En pleine journée, dans un bar de Bogota, deux filles allument une lampe posée sur la table en bois. C'est l'appel à prendre commande pour les serveurs du premier café de Colombie conçu pour les sourds. Erin Priscila Pinto et Carol Aguilera sont amies depuis longtemps. Mais c'est la première fois qu'elles peuvent se retrouver dans un lieu public répondant à leurs besoins : le Sin palabras Café sordo (Café sourd et sans paroles). "C'est le premier bar de Bogota et en Colombie qui est adapté sur le plan de la communication, visuelle et sensorielle", a expliqué à l'AFP Maria Fernanda Vanegas, l'une des trois propriétaires.
Des clips en langue des signes
Situé au coeur du quartier branché de Chapinero, dans cette capitale de huit millions d'habitants, ce bar d'un nouveau genre voisine avec des établissements axés sur la musique heavy metal, le reggae ou la clientèle gay. "Il vise à ce que nous, les entendants, nous nous adaptions aux sourds et non le contraire, comme c'est toujours le cas", ajoute Maria Fernanda.
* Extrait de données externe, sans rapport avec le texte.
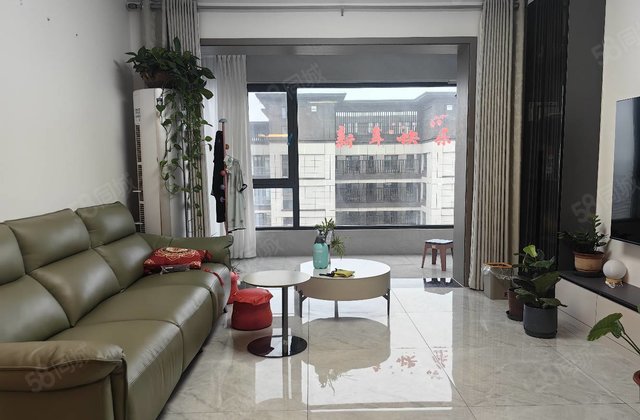 万达附近 江山印 新房未住 三室两厅两卫 带车位储藏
Le Sin Palabras est ainsi équipé d'écrans où passent des clips vidéo musicaux simultanément traduits en langue des signes, et une piste de danse dont le parquet transmet les vibrations de la musique pour permettre aux mal-entendants de suivre le rythme. La carte des boissons et des plats est traduite dans l'alphabet des sourds, qui disposent en outre de jeux de société comme le Jenga ou les dominos.
Pouvoir danser, enfin
Maria Fernanda et ses associés, Cristian Melo et Jessica Mojica, tous trois disposant d'une bonne ouïe, rêvent d'attirer au Sin Palabras les 54 000 malentendants qui vivent à Bogota, selon des chiffres de l'Institut national pour les sourds. La Colombie en compte au total près de 456 000, selon le dernier recensement national datant de 2005. La clientèle du bar est composée aussi bien d'entendants que de sourds. Le niveau sonore de la musique est le même que dans n'importe quel autre bar de Bogota. La différence, c'est que les mains ont le premier rôle. "C'est la première fois que je peux sentir la musique. Cela me plaît beaucoup parce que c'est la première fois que je peux danser", explique en langue des signes Erin Priscila, 23 ans, étudiante en photographie et audiovisuel.
6 serveurs sourds
Les six serveurs du Sin Palabras sont sourds également. Bien qu'une bonne partie des clients ignore la langue des signes, ils arrivent à communiquer et à répondre à leurs demandes, par gestes ou par écrit. Le bar propose même des petites pancartes comportant les symboles basiques de la langue des signes. "Je me sens beaucoup plus à l'aise parce ceux qui me servent sont sourds. Tout est plus facile", s'enthousiasme Erin Priscila.
Ouvrir d'autres établissements
Parler ici n'est pas nécessaire. "La communication avec des entendants est compliquée au début parce que nous ne nous comprenons pas. Mais on fait en sorte qu'elle se fluidifie", ajoute l'un des serveurs, Juan Carlos Villamil, 26 ans. Les nouveaux clients sont d'abord surpris. Puis ils finissent par se familiariser avec la langue des signes, dit-t-il. Les propriétaires ont eu l'idée du Sin Palabras en voyant un jour un groupe de sourds prendre un café. Ils se sont alors demandé à quoi ressemblait leur vie sociale. Maintenant, ils aimeraient développer le concept en ouvrant d'autres établissements en Colombie et ailleurs.
Des clients parfois 'odieux'
Tout n'est pas toujours facile au Sin Palabras. Certains clients "odieux" profitent parfois de la surdité des employés pour partir sans payer ou casser des verres, déplore Maria Fernanda. Le bar, inauguré le 16 juin 2017, est néanmoins en train de devenir l'un des sites à la mode le week-end, avec des expositions et performances culturelles d'artistes mal-entendants tels que des danseurs ou des conteurs. "Nous voulons montrer au monde que les sourds ont du talent", ajoute la propriétaire, tandis qu'au fond du café, Erin Priscila filme avec son smartphone une vidéo pour sa mère de ce lieu de Bogota où l'on écoute avec les yeux et parle avec les mains.